WORK REQUIRED » Up to and including the line holding "UN RO-RO'ya ilk günden talip çıktı!", write out the data exactly from its first line, but not the pictures.

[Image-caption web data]
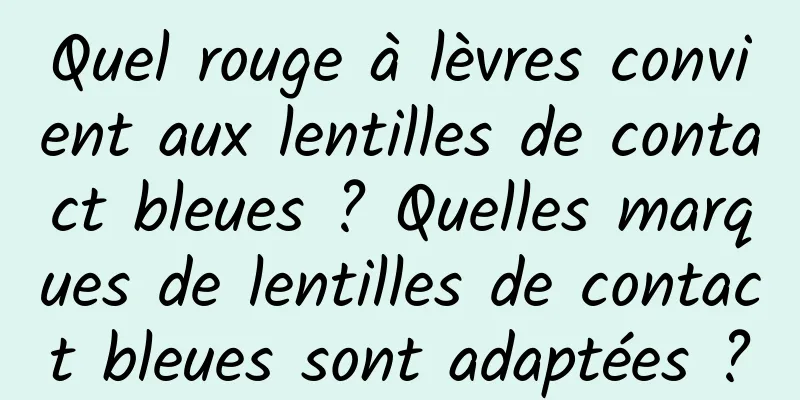 Quel rouge à lèvres convient aux lentilles de contact bleues ? Quelles marques de lentilles de contact bleues sont adaptées ?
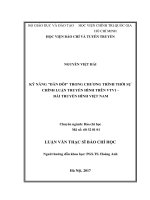 Kỹ năng dẫn đôi trong chương trình thời sự chính luận trên truyền hình vtv1   đài truyền hình việt nam 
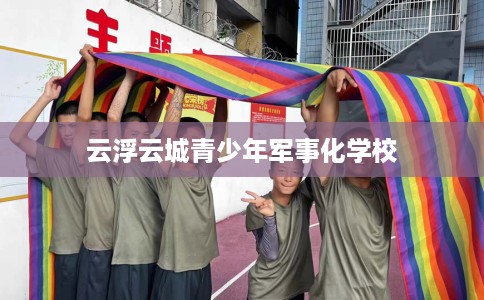 云浮云城青少年军事化学校
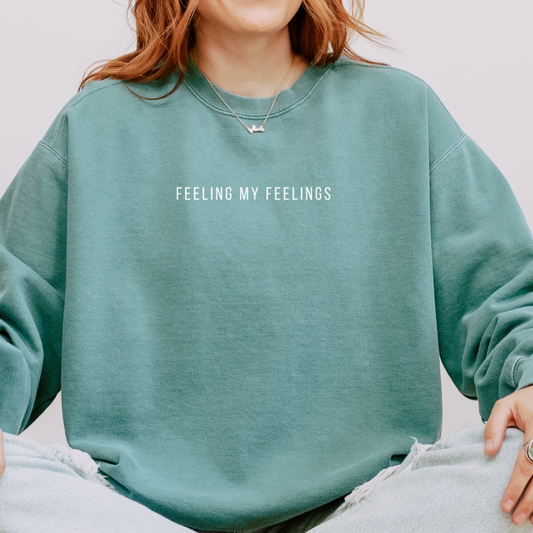 Feeling My Feelings | Comfort Colors Crewneck Sweatshirt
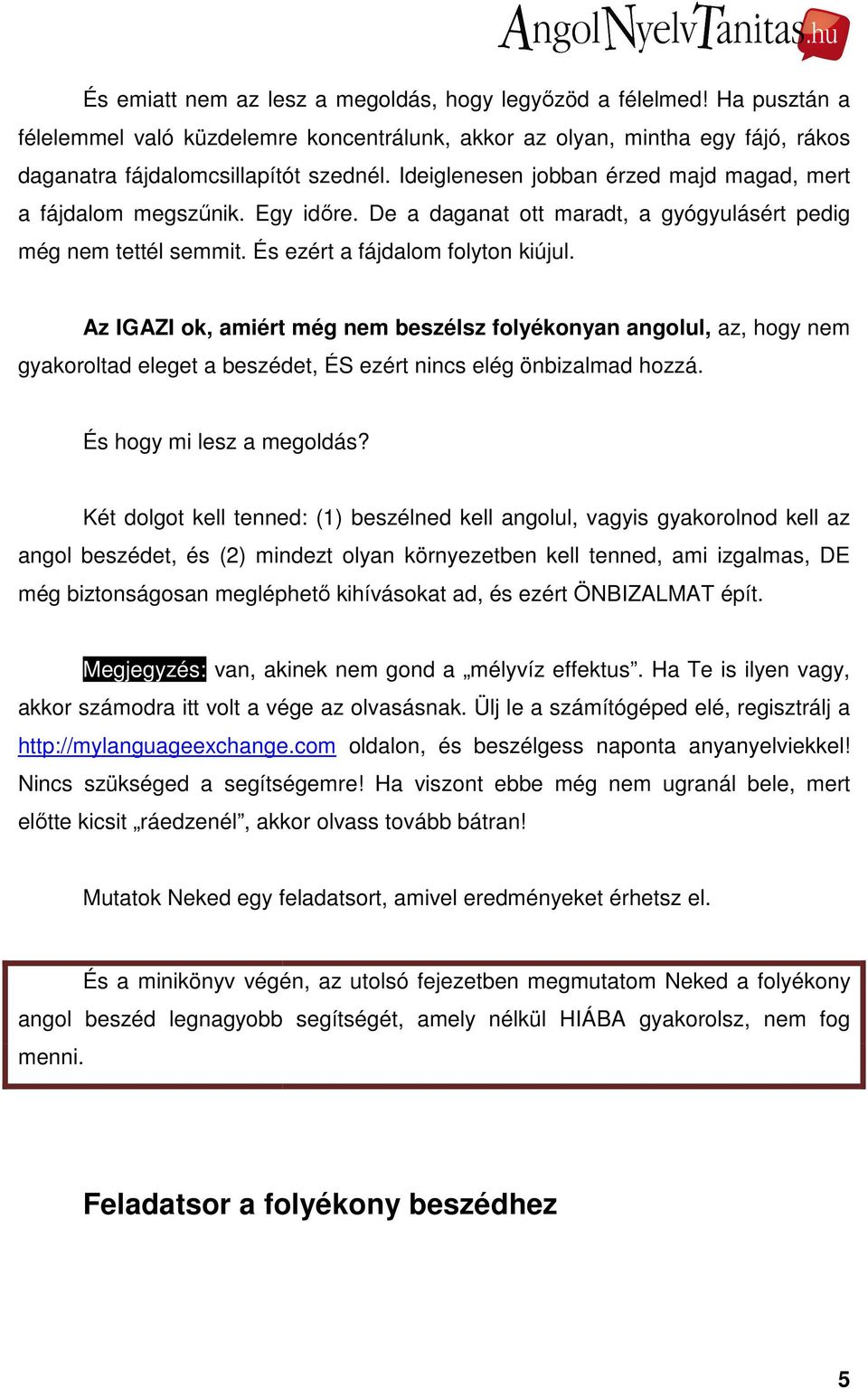 Az IGAZI ok, amiért még nem beszélsz folyékonyan angolul, az, hogy nem gyakoroltad eleget a beszédet, ÉS ezért nincs elég önbizalmad hozzá. És hogy mi lesz a megoldás?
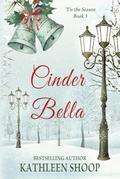 Cinder Bella by Kathleen Shoop
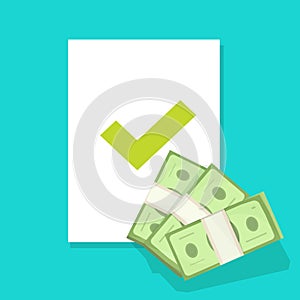 Money lend approval financial document with check mark or credit and loan success approve agreement with tick checkmark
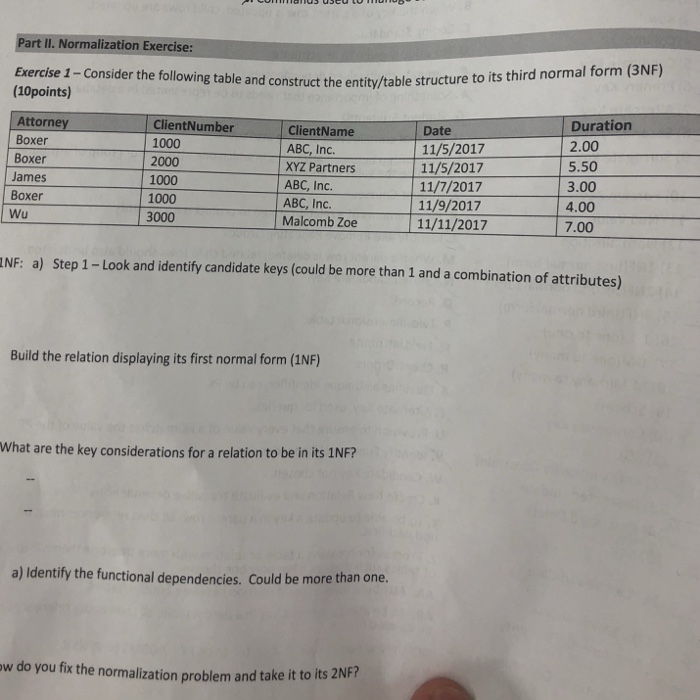  Part II. Normalization Exercise: to its third normal form (3NF) Exercise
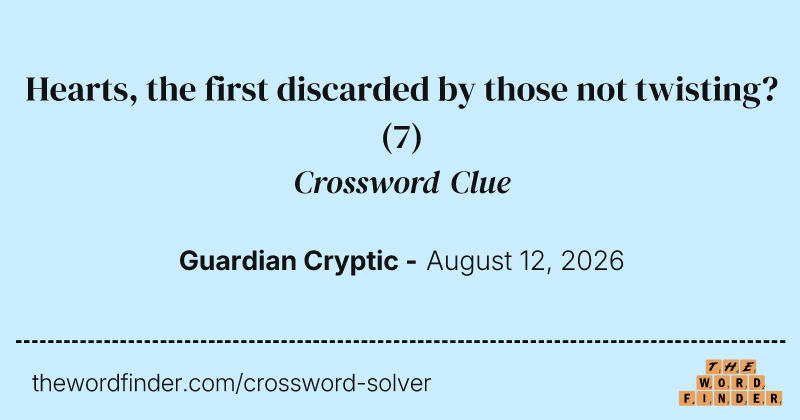 Hearts, the first discarded by those not twisting? crossword clue image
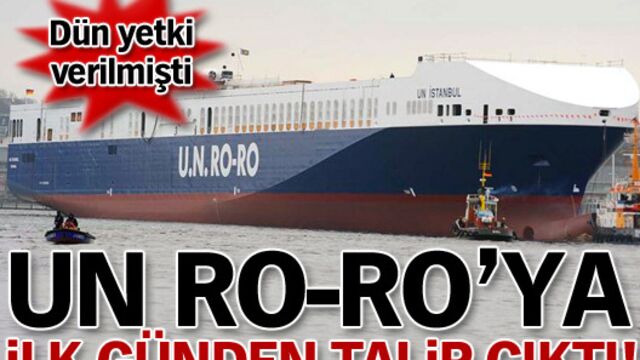 UN RO-RO'ya ilk günden talip çıktı!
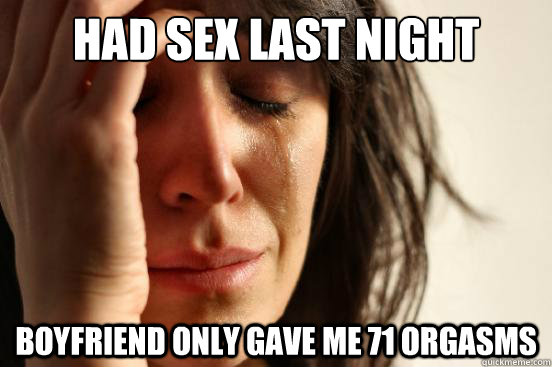 Had sex last night boyfriend only gave me 71 orgasms  First World Problems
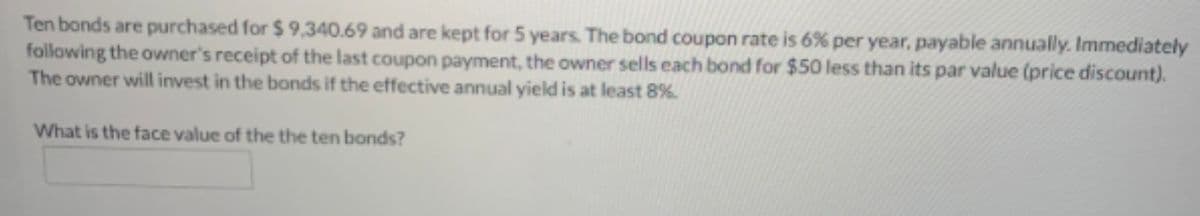 Ten bonds are purchased for $ 9,340.69 and are kept for 5 years. The bond coupon rate is 6% per year, payable annually. Immediately
following the owner's receipt of the last coupon payment, the owner sells each bond for $50 less than its par value (price discount).
The owner will invest in the bonds if the effective annual yield is at least 8%.
What is the face value of the the ten bonds?
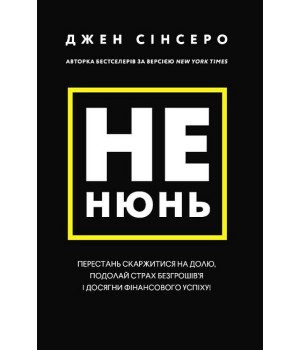 Не нюнь. Перестань скаржитися на долю, подолай страх безгрошів'я і досягни фінансового успіху!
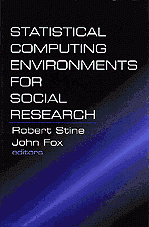 Statistical Computing Environments for Social Research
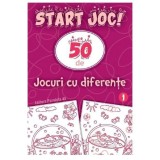 Start Joc! 50 De Jocuri Cu Diferente. Vol. 1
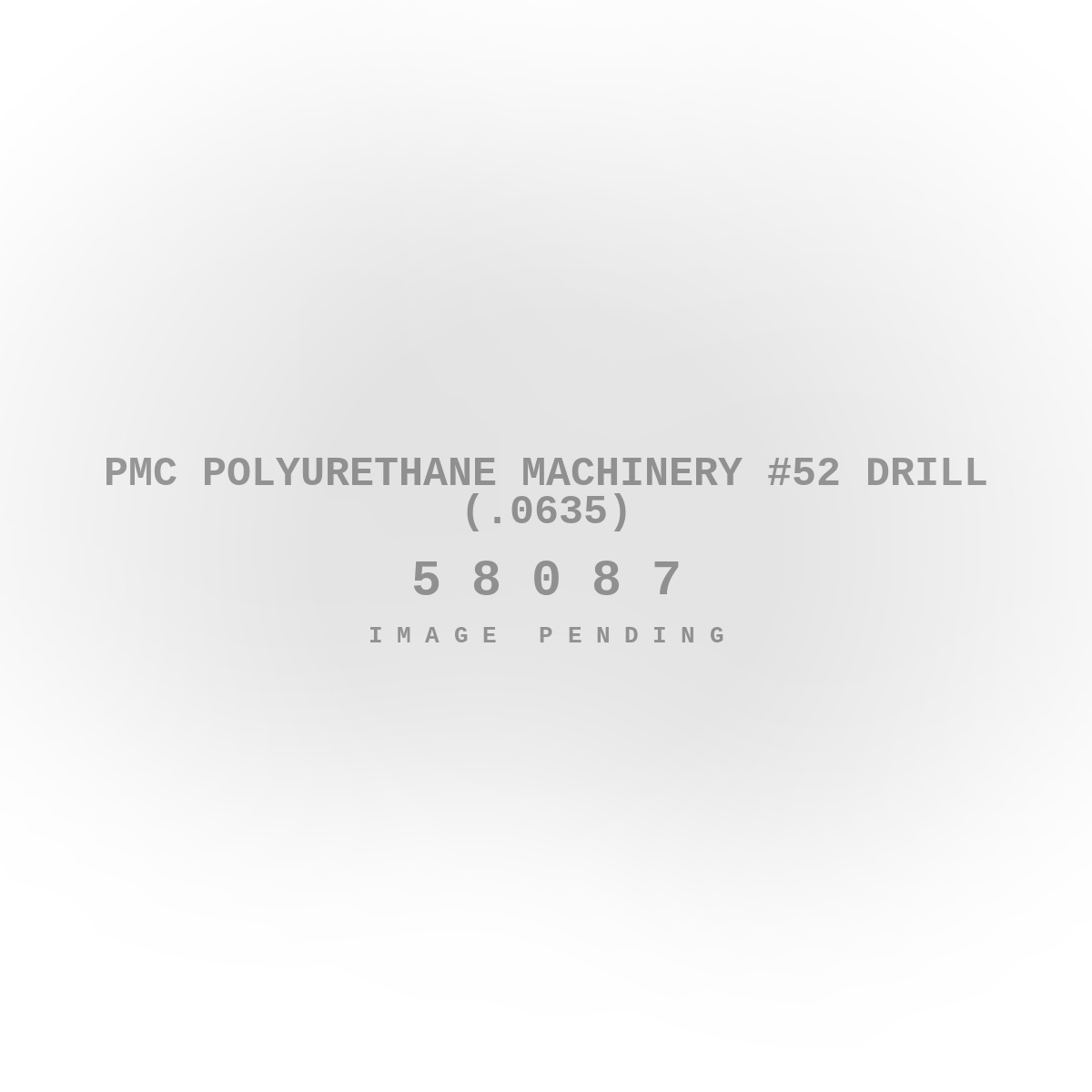 PMC Polyurethane Machinery #52 Drill (.0635)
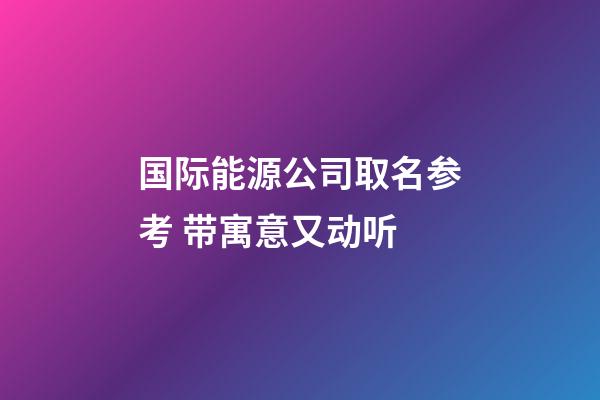 国际能源公司取名参考 带寓意又动听-第1张-公司起名-玄机派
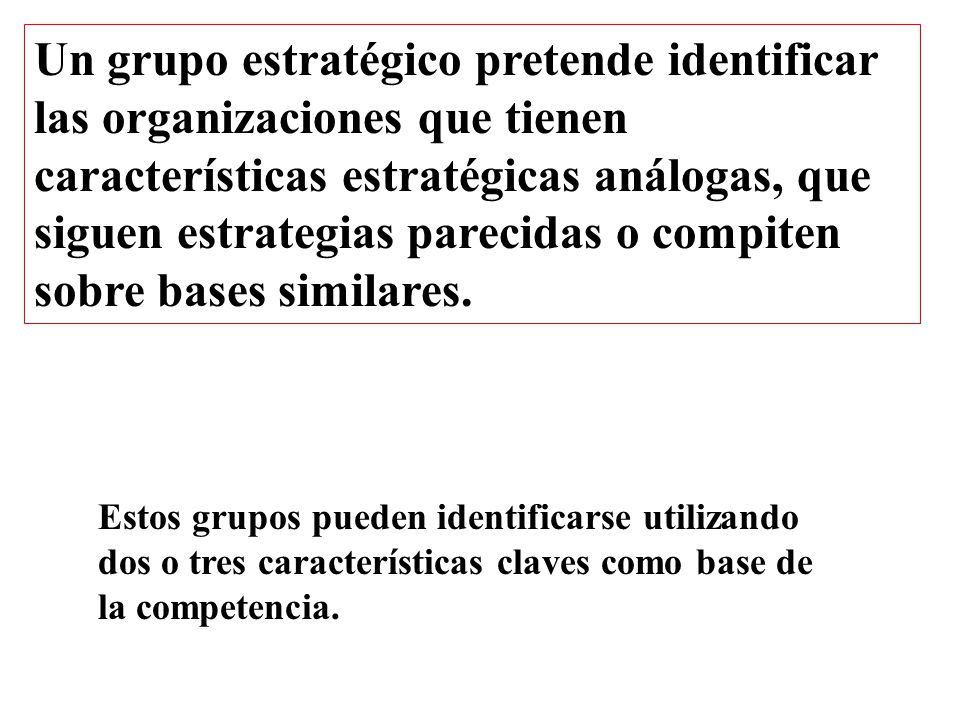 Un grupo estratégico pretende identificar las organizaciones que tienen características estratégicas análogas, que siguen estrategias parecidas o compiten sobre bases similares.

EXPECTED ANSWER »
 Quel rouge à lèvres convient aux lentilles de contact bleues ? Quelles marques de lentilles de contact bleues sont adaptées ?
 Kỹ năng dẫn đôi trong chương trình thời sự chính luận trên truyền hình vtv1   đài truyền hình việt nam 
 云浮云城青少年军事化学校
 Feeling My Feelings | Comfort Colors Crewneck Sweatshirt
 Az IGAZI ok, amiért még nem beszélsz folyékonyan angolul, az, hogy nem gyakoroltad eleget a beszédet, ÉS ezért nincs elég önbizalmad hozzá. És hogy mi lesz a megoldás?
 Cinder Bella by Kathleen Shoop
 Money lend approval financial document with check mark or credit and loan success approve agreement with tick checkmark
  Part II. Normalization Exercise: to its third normal form (3NF) Exercise
 Hearts, the first discarded by those not twisting? crossword clue image
 UN RO-RO'ya ilk günden talip çıktı!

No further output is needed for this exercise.